Here, we have the embryonic beginnings of a code, a code for coding anything whatsoever, as long as it forms a holistic aspect of a holistic rational system.Finally, we turn for Nature’s code for any singular animate subject, the generic code. In genetics, the three bases AUG form the start codon that, on amessenger RNA molecule, marks where protein synthesis begins. In positions other than at the start, the AUG codon codes an amino acid just like other codons. AUG in this case will code methionine, but the biochemistry is not of central interest as it is purely the implementation technology and does little to explain genetic code semantics. Only semiotic structure can do that.

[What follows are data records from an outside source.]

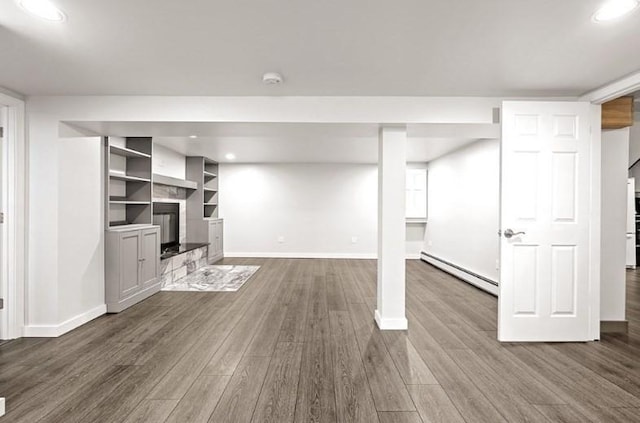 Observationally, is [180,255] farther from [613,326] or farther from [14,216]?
[613,326]

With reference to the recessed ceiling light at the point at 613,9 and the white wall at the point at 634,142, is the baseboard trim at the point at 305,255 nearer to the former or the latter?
the white wall at the point at 634,142

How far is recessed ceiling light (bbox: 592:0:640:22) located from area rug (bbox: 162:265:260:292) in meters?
4.45

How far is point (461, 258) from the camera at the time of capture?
5469 mm

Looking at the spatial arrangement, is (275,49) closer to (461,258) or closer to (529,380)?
(529,380)

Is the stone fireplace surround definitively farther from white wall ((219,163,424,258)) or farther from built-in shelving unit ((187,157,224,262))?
white wall ((219,163,424,258))

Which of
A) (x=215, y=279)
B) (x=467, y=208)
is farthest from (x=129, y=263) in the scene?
(x=467, y=208)

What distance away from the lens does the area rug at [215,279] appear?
4.62 m

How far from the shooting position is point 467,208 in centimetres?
530

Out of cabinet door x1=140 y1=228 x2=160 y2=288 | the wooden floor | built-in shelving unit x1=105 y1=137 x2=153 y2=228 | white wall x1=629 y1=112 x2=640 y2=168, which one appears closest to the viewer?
the wooden floor

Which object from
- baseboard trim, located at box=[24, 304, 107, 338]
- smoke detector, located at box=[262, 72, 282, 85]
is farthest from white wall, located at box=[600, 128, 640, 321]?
baseboard trim, located at box=[24, 304, 107, 338]

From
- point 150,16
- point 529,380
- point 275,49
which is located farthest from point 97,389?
point 529,380

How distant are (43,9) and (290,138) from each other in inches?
129

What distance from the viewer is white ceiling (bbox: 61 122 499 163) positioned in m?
3.04

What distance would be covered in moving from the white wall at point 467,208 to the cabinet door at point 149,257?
179 inches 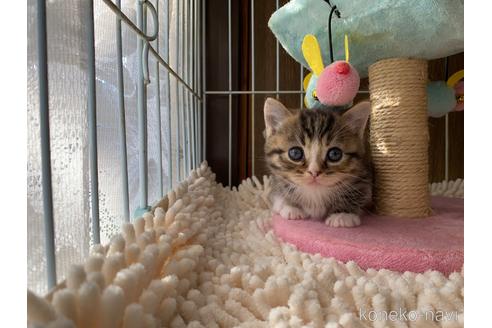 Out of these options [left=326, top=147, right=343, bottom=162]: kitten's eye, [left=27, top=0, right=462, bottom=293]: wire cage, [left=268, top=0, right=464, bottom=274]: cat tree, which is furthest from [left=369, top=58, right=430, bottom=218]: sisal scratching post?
[left=27, top=0, right=462, bottom=293]: wire cage

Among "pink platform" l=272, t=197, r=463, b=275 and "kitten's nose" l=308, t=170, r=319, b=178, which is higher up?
"kitten's nose" l=308, t=170, r=319, b=178

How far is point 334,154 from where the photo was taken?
1002 mm

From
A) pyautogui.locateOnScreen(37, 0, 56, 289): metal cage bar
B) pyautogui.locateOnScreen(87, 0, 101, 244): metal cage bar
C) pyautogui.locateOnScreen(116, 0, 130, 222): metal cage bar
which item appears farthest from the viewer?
pyautogui.locateOnScreen(116, 0, 130, 222): metal cage bar

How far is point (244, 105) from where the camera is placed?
68.5 inches

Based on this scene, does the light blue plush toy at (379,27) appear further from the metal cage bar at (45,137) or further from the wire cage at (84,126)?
the metal cage bar at (45,137)

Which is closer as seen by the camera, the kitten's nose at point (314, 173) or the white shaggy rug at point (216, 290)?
the white shaggy rug at point (216, 290)

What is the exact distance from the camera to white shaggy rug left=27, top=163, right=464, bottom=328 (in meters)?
0.37

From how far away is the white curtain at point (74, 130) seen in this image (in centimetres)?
37

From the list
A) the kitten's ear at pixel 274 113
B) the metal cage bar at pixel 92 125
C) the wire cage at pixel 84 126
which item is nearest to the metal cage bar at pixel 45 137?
the wire cage at pixel 84 126

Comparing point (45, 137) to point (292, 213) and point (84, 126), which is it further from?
point (292, 213)

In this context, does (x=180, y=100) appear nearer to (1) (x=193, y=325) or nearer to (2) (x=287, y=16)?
(2) (x=287, y=16)

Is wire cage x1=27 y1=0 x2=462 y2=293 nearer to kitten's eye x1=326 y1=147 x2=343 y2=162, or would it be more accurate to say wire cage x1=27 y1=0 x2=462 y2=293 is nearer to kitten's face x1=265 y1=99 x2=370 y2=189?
kitten's face x1=265 y1=99 x2=370 y2=189

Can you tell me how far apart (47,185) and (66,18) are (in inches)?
8.2

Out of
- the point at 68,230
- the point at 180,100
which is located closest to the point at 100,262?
the point at 68,230
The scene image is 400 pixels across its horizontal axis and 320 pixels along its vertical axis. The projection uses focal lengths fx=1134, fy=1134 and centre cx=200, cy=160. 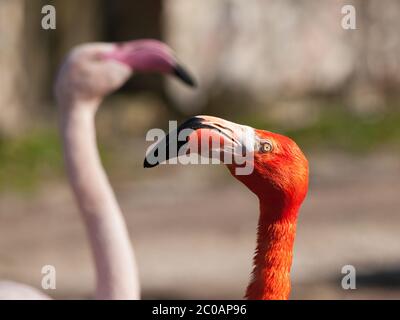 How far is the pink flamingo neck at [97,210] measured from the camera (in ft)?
11.6

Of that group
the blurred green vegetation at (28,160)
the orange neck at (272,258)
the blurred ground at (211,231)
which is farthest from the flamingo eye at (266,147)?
the blurred green vegetation at (28,160)

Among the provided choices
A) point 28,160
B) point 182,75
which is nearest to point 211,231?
point 28,160

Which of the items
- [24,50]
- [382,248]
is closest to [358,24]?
[24,50]

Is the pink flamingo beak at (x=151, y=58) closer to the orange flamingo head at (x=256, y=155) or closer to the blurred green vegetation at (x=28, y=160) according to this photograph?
the orange flamingo head at (x=256, y=155)

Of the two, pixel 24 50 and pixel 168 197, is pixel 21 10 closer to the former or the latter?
pixel 24 50

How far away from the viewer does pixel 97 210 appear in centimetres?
368

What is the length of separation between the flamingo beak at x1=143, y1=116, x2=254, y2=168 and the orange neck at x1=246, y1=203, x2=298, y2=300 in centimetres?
18

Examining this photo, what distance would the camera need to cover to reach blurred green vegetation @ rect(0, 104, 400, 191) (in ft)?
30.6

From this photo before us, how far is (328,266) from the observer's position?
6980 millimetres

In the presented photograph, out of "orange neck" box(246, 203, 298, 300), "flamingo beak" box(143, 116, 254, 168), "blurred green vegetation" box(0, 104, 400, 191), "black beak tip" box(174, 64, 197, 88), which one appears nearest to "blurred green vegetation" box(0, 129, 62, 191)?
"blurred green vegetation" box(0, 104, 400, 191)

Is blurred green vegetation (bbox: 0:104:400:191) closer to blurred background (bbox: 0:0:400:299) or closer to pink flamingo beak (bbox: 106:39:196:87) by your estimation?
blurred background (bbox: 0:0:400:299)

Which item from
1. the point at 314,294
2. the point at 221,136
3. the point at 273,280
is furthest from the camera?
the point at 314,294

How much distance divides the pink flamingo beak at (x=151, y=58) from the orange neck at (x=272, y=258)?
124 cm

A central plank of right side science is that it is not limited to scale, it is also unlimited by application domain. Generic structure is generic structure no matter what the problem domain and what the implementation substrate… The illustrative semiotic analysis cases considered so far do not prove this assertion. The rationalisation comes from overall systemic coherency of reality in its ensemble, something that we have barely touched on so far.
In order to get some kind of handle of the role of AUG as the start codon in the generic code, we should try to look at other problem domains. Anyone with some background in physics would find that the semiotic diagram in Figure 7 looks a bit familiar. The cone of arrows for MF is evocative. Could this be interpreted as a cone of time-like arrows used in the customary explanation of relativistic space-time? In addition, the arrows in the FM cone, are they space-like lines? In addition, what about the bundle of parallel lines? Are these optical lines? Maybe such an interpretation may lead to a deeper understanding of something here.
The author has been privately carrying out semiotic analysis exercises over the past twenty years or more, both in his profession and in philosophical and linguistic interests. He has carried over a thousand such analyses. His basic conclusion is that there is a common language that is generic spanning across the board of the semiotic right side world of reasoning. Later, we will come back to the cones and lines illustrated in Figure 7 and add some life into them.
Figure 10 One interpretation of the semiotic square is that of four generic types, the general, particular, universal and singular.. The types can be designated by four letters. The four letter A,U,G, and C habe been chosen as shorthand for Mf, FF, FM and MM respectively.